Yes, in the usual sense medical researchers use the term "risk factor", e.g., having a heart attack is a risk factor for having one of your great-grandparents die of a heart attack. Taking vitamin D probably won't reduce your covid risk, but it might, and it's a low-risk intervention that probably isn't harmful, so you should do it anyway unless you have some contraindication such as a high risk of kidney stones.
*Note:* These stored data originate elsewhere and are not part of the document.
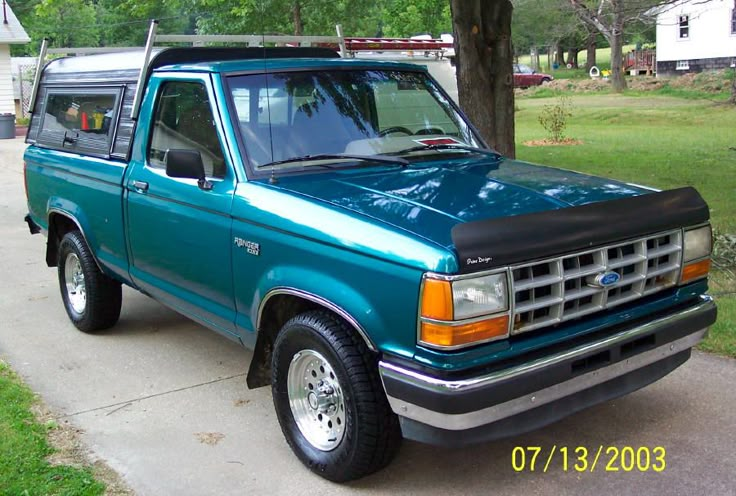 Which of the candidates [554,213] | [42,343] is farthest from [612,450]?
[42,343]

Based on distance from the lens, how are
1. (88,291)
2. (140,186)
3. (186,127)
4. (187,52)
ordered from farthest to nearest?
(88,291) → (187,52) → (140,186) → (186,127)

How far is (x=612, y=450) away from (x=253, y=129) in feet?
8.45

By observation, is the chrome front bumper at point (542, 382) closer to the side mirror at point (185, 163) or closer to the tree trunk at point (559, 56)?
the side mirror at point (185, 163)

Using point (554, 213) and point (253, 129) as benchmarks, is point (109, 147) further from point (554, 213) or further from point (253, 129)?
point (554, 213)

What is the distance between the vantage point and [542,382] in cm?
353

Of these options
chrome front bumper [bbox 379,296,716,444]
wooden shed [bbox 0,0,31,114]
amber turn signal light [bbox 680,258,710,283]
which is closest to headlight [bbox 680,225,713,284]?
amber turn signal light [bbox 680,258,710,283]

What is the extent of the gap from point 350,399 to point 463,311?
727mm

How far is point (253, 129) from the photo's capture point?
4641mm

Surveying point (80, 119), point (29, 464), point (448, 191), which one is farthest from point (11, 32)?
point (448, 191)

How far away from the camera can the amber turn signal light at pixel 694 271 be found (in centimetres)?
421

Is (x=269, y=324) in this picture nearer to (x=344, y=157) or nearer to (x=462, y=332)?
(x=344, y=157) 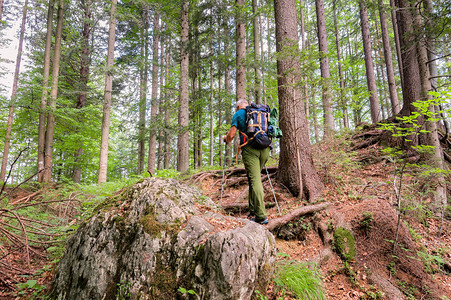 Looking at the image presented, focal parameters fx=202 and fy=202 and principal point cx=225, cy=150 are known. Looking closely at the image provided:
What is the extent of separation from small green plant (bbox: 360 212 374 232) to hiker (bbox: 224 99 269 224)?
164 centimetres

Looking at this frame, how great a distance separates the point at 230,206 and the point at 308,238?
5.73 ft

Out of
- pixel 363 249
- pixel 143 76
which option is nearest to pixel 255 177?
pixel 363 249

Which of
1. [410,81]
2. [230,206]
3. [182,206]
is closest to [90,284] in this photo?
[182,206]

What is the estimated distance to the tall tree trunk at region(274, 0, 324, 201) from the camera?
4.66 m

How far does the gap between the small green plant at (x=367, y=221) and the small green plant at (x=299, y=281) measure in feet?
4.46

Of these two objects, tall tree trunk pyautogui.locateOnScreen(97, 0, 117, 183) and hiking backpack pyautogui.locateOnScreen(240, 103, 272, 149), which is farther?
tall tree trunk pyautogui.locateOnScreen(97, 0, 117, 183)

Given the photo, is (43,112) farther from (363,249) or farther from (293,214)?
(363,249)

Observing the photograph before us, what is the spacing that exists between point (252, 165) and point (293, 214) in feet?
3.98

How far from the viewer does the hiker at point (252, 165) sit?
3684 millimetres

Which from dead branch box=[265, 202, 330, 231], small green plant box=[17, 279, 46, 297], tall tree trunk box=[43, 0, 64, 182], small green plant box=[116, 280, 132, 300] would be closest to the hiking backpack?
dead branch box=[265, 202, 330, 231]

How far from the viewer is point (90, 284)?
2.33 meters

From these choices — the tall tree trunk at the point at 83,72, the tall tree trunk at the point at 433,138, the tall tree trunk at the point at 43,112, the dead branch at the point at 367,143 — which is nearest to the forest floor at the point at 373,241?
the tall tree trunk at the point at 433,138

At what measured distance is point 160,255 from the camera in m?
2.30

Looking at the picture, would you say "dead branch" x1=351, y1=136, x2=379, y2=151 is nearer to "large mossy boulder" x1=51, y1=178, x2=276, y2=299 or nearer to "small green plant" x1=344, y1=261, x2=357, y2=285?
"small green plant" x1=344, y1=261, x2=357, y2=285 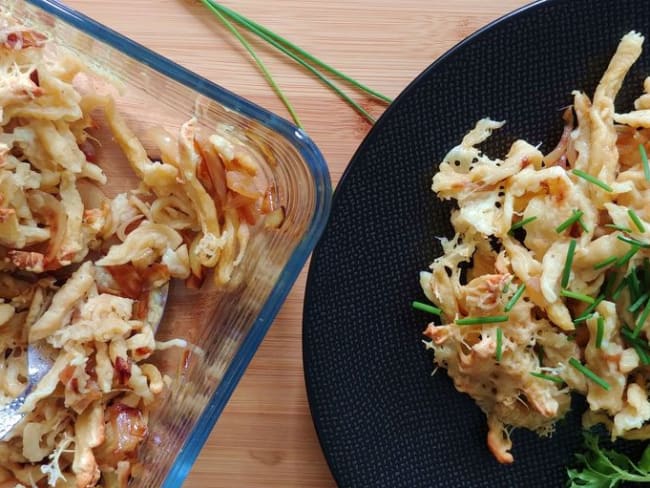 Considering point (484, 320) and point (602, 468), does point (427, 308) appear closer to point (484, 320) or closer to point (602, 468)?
point (484, 320)

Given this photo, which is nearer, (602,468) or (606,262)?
(606,262)

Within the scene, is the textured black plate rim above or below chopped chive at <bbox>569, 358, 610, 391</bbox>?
above

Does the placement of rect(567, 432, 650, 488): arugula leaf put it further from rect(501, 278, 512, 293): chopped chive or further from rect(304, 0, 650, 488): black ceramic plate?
rect(501, 278, 512, 293): chopped chive

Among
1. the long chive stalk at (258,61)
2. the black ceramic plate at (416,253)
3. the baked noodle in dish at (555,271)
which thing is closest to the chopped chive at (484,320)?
the baked noodle in dish at (555,271)

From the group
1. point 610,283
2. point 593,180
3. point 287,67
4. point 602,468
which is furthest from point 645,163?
point 287,67

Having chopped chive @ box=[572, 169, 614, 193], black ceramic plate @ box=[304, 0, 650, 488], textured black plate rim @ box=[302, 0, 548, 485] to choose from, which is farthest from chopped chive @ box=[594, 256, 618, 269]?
textured black plate rim @ box=[302, 0, 548, 485]

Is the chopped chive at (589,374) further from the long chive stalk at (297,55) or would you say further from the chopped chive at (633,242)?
the long chive stalk at (297,55)

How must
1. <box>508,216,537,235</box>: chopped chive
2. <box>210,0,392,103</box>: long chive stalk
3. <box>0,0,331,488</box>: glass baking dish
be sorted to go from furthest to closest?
<box>210,0,392,103</box>: long chive stalk
<box>508,216,537,235</box>: chopped chive
<box>0,0,331,488</box>: glass baking dish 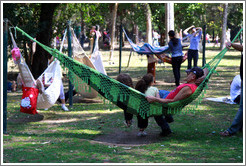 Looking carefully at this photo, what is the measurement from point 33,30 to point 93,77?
5.06 metres

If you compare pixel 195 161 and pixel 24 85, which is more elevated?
pixel 24 85

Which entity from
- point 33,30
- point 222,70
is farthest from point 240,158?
point 222,70

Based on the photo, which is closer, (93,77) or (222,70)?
(93,77)

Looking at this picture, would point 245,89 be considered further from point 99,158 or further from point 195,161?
point 99,158

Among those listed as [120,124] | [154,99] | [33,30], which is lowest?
[120,124]

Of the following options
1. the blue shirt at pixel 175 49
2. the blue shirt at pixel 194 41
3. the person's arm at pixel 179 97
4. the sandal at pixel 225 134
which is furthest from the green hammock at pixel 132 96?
the blue shirt at pixel 194 41

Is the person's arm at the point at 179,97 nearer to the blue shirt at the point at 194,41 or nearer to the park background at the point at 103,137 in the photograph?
the park background at the point at 103,137

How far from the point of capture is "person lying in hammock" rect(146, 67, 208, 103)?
516 centimetres

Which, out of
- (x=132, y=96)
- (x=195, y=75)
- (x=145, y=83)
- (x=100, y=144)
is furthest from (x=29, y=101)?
(x=195, y=75)

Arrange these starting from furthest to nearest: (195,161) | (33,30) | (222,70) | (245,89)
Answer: (222,70)
(33,30)
(245,89)
(195,161)

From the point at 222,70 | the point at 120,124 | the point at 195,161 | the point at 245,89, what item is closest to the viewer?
the point at 195,161

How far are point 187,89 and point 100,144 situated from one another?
133 centimetres

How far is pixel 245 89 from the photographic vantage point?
517cm

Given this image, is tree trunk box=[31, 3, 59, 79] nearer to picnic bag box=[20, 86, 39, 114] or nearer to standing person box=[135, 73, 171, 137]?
Answer: picnic bag box=[20, 86, 39, 114] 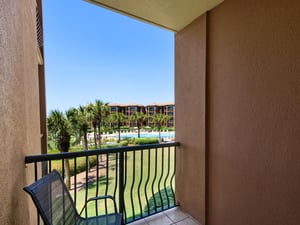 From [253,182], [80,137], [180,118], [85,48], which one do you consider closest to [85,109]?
[80,137]

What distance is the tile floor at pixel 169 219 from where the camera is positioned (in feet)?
6.45

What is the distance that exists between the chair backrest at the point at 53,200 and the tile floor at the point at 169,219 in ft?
3.12

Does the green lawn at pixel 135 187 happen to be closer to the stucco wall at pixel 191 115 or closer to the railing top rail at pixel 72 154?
the railing top rail at pixel 72 154

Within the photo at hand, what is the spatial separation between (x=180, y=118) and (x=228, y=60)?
995 mm

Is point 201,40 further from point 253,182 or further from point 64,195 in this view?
point 64,195

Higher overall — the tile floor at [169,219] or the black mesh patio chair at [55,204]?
the black mesh patio chair at [55,204]

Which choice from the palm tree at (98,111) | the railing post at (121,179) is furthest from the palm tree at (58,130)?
the railing post at (121,179)

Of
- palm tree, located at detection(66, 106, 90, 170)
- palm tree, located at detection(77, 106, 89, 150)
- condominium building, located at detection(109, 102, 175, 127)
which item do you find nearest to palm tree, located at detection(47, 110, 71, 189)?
palm tree, located at detection(66, 106, 90, 170)

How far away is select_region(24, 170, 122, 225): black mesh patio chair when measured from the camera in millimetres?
1026

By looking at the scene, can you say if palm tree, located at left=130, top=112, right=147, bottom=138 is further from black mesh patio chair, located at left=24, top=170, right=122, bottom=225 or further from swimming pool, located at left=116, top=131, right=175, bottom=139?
black mesh patio chair, located at left=24, top=170, right=122, bottom=225

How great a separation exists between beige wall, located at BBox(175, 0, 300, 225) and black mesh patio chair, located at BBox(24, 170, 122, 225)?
1.18 m

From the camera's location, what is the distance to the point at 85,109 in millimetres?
13102

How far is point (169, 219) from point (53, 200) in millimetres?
1491

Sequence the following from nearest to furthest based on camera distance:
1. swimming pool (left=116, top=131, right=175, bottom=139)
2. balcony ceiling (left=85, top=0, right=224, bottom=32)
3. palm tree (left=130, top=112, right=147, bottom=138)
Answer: balcony ceiling (left=85, top=0, right=224, bottom=32) → swimming pool (left=116, top=131, right=175, bottom=139) → palm tree (left=130, top=112, right=147, bottom=138) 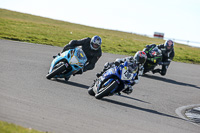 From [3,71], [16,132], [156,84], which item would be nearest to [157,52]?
[156,84]

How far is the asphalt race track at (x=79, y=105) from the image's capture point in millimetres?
6324

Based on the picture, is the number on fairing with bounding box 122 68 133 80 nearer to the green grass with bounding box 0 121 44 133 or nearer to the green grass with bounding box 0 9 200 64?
the green grass with bounding box 0 121 44 133

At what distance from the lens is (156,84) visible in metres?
14.8

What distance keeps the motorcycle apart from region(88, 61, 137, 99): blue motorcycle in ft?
22.3

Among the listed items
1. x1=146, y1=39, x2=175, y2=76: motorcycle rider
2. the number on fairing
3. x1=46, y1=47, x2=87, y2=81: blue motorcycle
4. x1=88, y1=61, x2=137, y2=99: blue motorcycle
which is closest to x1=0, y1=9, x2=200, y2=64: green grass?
x1=146, y1=39, x2=175, y2=76: motorcycle rider

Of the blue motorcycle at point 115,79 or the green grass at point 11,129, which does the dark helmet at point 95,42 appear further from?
the green grass at point 11,129

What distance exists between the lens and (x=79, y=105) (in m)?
8.19

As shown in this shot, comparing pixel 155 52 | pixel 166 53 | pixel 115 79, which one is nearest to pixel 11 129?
pixel 115 79

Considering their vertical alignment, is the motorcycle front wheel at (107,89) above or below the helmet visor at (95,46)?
below

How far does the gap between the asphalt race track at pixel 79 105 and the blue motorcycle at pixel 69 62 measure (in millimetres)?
334

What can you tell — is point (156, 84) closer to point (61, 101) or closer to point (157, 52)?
point (157, 52)

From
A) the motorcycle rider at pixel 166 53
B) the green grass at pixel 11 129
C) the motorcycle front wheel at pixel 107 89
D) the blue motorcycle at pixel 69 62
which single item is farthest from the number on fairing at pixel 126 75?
the motorcycle rider at pixel 166 53

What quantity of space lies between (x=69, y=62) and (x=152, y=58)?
6208 mm

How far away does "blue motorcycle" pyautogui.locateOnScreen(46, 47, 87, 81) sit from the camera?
1069 centimetres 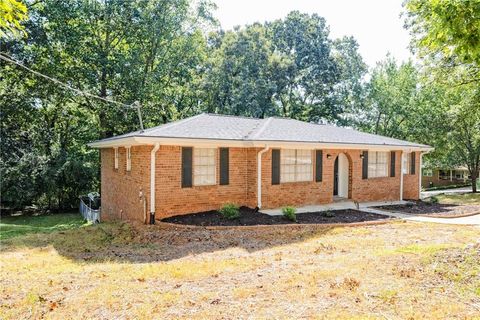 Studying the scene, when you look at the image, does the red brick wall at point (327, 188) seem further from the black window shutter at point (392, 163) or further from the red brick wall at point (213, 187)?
the black window shutter at point (392, 163)

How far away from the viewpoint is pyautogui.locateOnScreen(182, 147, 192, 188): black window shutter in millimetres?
11344

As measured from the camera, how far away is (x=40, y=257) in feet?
25.8

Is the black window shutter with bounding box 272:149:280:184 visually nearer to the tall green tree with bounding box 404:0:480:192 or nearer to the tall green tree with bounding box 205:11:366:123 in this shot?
the tall green tree with bounding box 404:0:480:192

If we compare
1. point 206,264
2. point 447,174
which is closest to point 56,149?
point 206,264

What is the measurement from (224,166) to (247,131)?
2.29 meters

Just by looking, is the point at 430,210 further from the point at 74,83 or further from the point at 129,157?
the point at 74,83

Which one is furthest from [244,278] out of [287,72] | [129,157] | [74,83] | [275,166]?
[287,72]

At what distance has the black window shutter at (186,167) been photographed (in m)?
11.3

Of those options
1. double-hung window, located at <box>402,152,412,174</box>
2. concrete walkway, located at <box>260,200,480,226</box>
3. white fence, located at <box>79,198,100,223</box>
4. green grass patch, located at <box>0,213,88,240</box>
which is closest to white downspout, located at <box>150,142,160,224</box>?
concrete walkway, located at <box>260,200,480,226</box>

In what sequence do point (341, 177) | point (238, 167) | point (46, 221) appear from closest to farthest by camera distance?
point (238, 167), point (341, 177), point (46, 221)

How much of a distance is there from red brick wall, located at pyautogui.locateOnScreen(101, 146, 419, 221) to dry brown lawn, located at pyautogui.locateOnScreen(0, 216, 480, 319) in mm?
2249

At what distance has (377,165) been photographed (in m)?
16.1

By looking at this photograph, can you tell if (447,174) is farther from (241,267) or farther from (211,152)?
(241,267)

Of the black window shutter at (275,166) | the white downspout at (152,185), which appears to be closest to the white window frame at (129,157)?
the white downspout at (152,185) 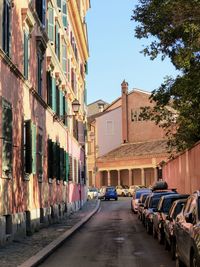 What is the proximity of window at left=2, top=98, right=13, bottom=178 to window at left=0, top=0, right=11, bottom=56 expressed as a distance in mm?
1607

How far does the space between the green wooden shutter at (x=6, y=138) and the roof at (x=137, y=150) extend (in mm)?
66160

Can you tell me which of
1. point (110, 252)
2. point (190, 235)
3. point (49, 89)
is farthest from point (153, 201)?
point (190, 235)

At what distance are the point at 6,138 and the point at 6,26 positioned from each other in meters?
3.20

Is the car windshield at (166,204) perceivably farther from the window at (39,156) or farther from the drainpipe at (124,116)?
the drainpipe at (124,116)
The best review I've seen of the research literature is this post:
https://astralcodexten.substack.com/p/covidvitamin-d-much-mo...
(That post isn't medical advice, but this comment clearly is.)
AIUI, VitD is involved in T-cell production and so is needed to maintain our immune systems.
This is our course not medical advice.
But what you can do in this study, is have a dataset with a good size (4m people from the UK!) which allows for much broader analysis than would be possible through other means.
Blood testing 4m people during a pandemic is impractical, and widescale self-reporting will provide insights not otherwise available (as this paper shows).
On at least two occasions China has swab-tested 10 million people in a single city within a week, when covid re-occurred in a city where it had been thought to be extirpated. I don't think blood testing is twice as difficult as swab testing. So, I don't think it's impractical per se. It's just impractical in the UK.
You know what's impractical? 2.7 million people dying and an unknown fraction of the survivors suffering disabilities and injuries such as diabetes, heart attacks, and cerebrovascular attacks.
That’s different to focusing resources on doing vitamin D testing for a speculative study to determine if there is a link between vitamin D and long Covid.
I’m just saying that given limited resources during this global pandemic, the best use of resources at present probably isn’t monitoring 4 million people’s vitamin D levels for this specific study.
I’m also saying that not every study has to study every possible factor - in fact this is almost impossible to do! This is a brilliant dataset of millions of people self reporting, and there are things that you can find with self reporting that you can’t find with blood testing (and visa versa). This is why other papers will do a literature review to compile together the results of multiple studies to understand the impact.
https://en.wikipedia.org/wiki/Vitamin_D#Use_of_supplements
So your knee jerk reaction is strictly speaking true yet also a distraction.